Key Takeaways: What Grit Sandpaper for Painting Car Summary
- Grit Progression is Everything: The most critical takeaway is to follow a strict grit progression. Never jump more than 100-150 grit at a time (e.g., from 80 to 180, not 80 to 400) to ensure you fully remove the scratches from the previous, coarser grit.
- The Primer Sanding Stage is Critical: Your final paint job will only be as smooth as the primer underneath it. Using 400-600 grit sandpaper on your primer is the single most important step for achieving a professional, scratch-free finish.
- Coarse Grits (40-80) are for Removal Only: Use very coarse grits exclusively for stripping old paint, rust, and for the initial shaping of body filler. Using them anywhere else will create deep scratches that are difficult to remove.
- Fine Grits (1000+) are for Finishing the Clear Coat: Grits of 1000 and above are almost always used with water (wet sanding) on the final clear coat to remove imperfections like orange peel or dust nibs. This step must be followed by polishing to restore shine.
- Use the Right Tool for the Job: A DA (Dual Action) sander provides speed for large panels, but a hand sanding block provides the accuracy needed to make body filler and body lines perfectly flat and straight.
- Don’t Sand the Base Coat: The base (color) coat should not be sanded. The clear coat is designed to be applied directly over a fresh base coat to achieve a chemical bond.
- Always Use Automotive Sandpaper: Specific automotive sandpapers (like P-graded, waterproof, or stearate-coated paper) are designed to resist clogging and provide a more consistent finish than general-purpose or wood sandpaper.

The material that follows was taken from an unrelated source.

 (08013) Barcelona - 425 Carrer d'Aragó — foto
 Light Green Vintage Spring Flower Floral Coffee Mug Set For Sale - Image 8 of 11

Final Thoughts on Choosing the Right Sandpaper Grit
Ultimately, selecting the correct sandpaper for car painting is a systematic process of starting coarse and gradually moving to fine. There are no shortcuts. Adhering to the proper grit progression at each stage—from stripping old paint with 80-grit, to shaping filler with 180-grit, to smoothing primer with 400-600 grit, and finally to polishing the clear coat with 2000+ grit—is the most reliable way to prevent costly mistakes and achieve a professional-quality finish you can be proud of. Patience and a methodical approach are your most valuable tools. By following the steps outlined here, you have the expert knowledge required to get the job done right.